MongoDB change streams are the standard way to tail a collection and forward events somewhere else: another cluster, a search index, an analytics warehouse. The API is short, the driver handles reconnects, and the loop reads like a generator.

The thing the docs underplay: a stock consumer is at-most-once, with a gap on every reconnection. Getting at-least-once is straightforward, but it is not the default, and the default fails silently.

How the cursor works

A typical consumer looks like this:

const stream = collection.watch([], { fullDocument: 'updateLookup' });
for await (const change of stream) {
  await sink.write(change);
}

The Node driver opens a tailable cursor on the oplog, hands you events as they arrive, and reconnects automatically on resumable errors like primary stepdowns or transient network failures. The for-await loop runs forever.

When you open a stream without a starting point, the cursor begins at the current cluster time. Each delivered event carries a resume token in change._id. The driver keeps the most recent token in memory so that if the connection drops cleanly, it can pass that token back on reconnect and pick up where it left off.

That last sentence is where the trouble is.

Where the gap comes from

The in-memory resume token only covers reconnects within a single process lifetime, and only after at least one event has been delivered. Two cases break it:

The stream has not yet delivered an event. The driver has no token to resume from, so reconnect falls back to “now.”
The process restarts.
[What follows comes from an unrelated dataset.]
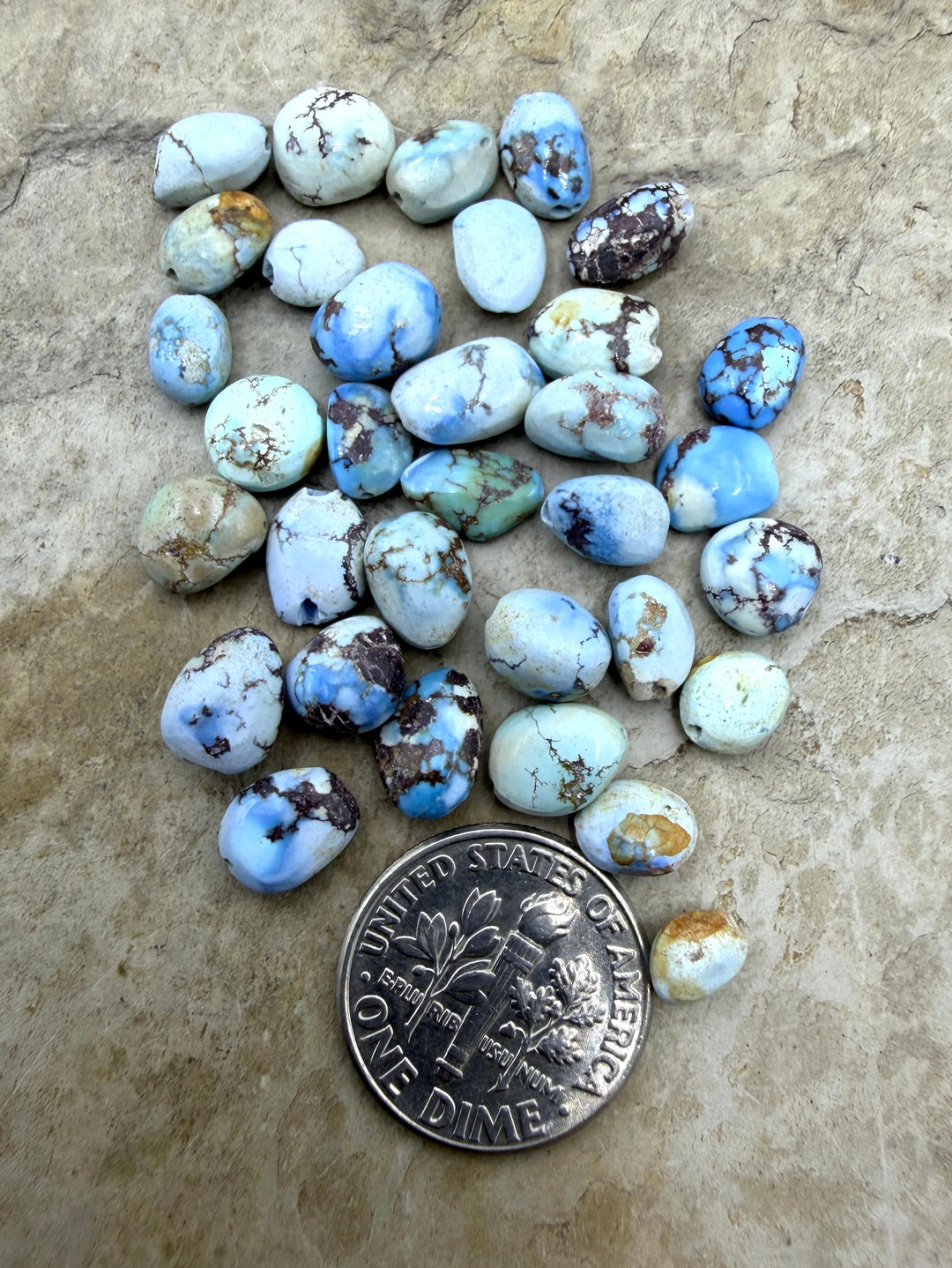 FRIDAY BARGAIN LOT of 33 Golden Hills Turquoise Beads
A deploy, a crash, an OOM kill, a node reboot. The in-memory token is gone. The next start opens a fresh subscription at “now.”

Either case loses everything written between the last successful read and the reconnect timestamp. A typical replica-set failover takes 10 to 30 seconds. On a busy collection, that is hundreds to thousands of events that the consumer will never see. The application throws no exception, the driver logs no warning, and the loop continues processing newer events as if nothing happened.

Watching it happen

You do not have to wait for a real failover. On a test cluster, force a stepdown:

db.adminCommand({ replSetStepDown: 30, force: true });

Run a writer pumping events into the source, a counter on the destination, and trigger the stepdown mid-flight. Compare counts before and after. The delta is your gap.
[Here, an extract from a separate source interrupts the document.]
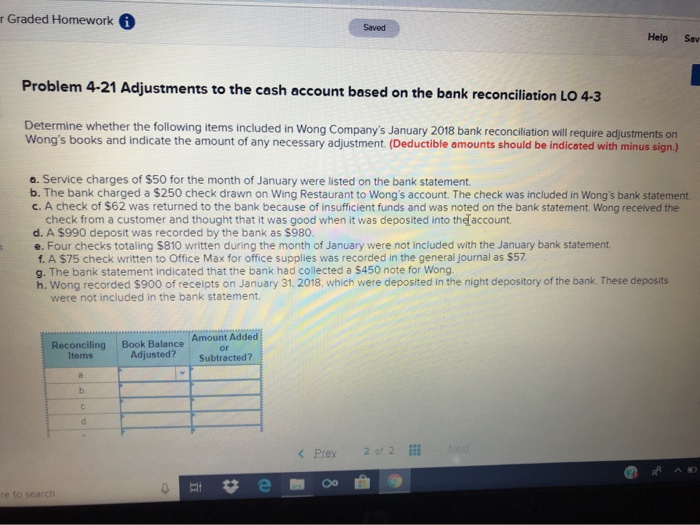  Graded Homework A Saved Help Sav Problem 4-21 Adjustments to the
Making the consumer durable

Persist the resume token to a sticky store after every successful sink write, and pass it back when you open the stream:

const state = await loadResumeState();
const opts = {
  fullDocument: 'updateLookup',
  ...(state?.resumeToken
    ? { startAfter: state.resumeToken }
    : {}),
};

const stream = collection.watch([], opts);

for await (const change of stream) {
  await sink.write(change);
  await saveResumeState({ resumeToken: change._id });
}

A few details that matter:

Persist after the sink commit, not before. If you save the token first and the sink call fails, the next restart will skip the unwritten event. The token should advance only after the data is durable downstream.
Use startAfter, not resumeAfter. They look similar but have different semantics around invalidate events. startAfter is the right choice for resuming a long-running consumer; resumeAfter is stricter about cluster lineage.
On cold start with no token, fail loud. Do not silently fall back to “start from now.” That is how a restart that should have backfilled instead skips a window of history. Require an operator decision: earliest available oplog entry, a specific cluster time, or an explicit “yes, start from now” override.

This also makes the consumer idempotent across restarts, which is the property you actually wanted from the beginning.

Defense in depth

Persisting the token closes the obvious hole, but the consumer is still a single moving part between two data stores. The general rule for that shape of system is that the consumer’s own view of itself is the least trustworthy signal. A few cheap checks that do not rely on it:

Count-delta job on a schedule. Count documents on the source and the destination by some natural time bucket (created_at hour, for example) and alert when the delta exceeds a threshold. Ten lines of code, catches a wide class of bugs that have nothing to do with change streams.
Resume-token age alert. If the persisted token has not advanced in N seconds and the source is healthy, the consumer is wedged. This is the signal you would otherwise be missing.
Chaos test in CI. Kill the source primary mid-batch, verify zero events are lost. Cheap to write once, prevents the regression forever.

The general shape

Pipelines that connect two systems are where bugs hide. Each end can be internally healthy while the failure lives in the seam between them, and that seam usually has the weakest observability. Telemetry that reports “I am running and not throwing exceptions” tells you nothing about whether data is actually flowing.

Whenever a service is the only path between two data stores, the highest-leverage check is one that does not trust the service’s own view of itself: a count, a checksum, a downstream invariant.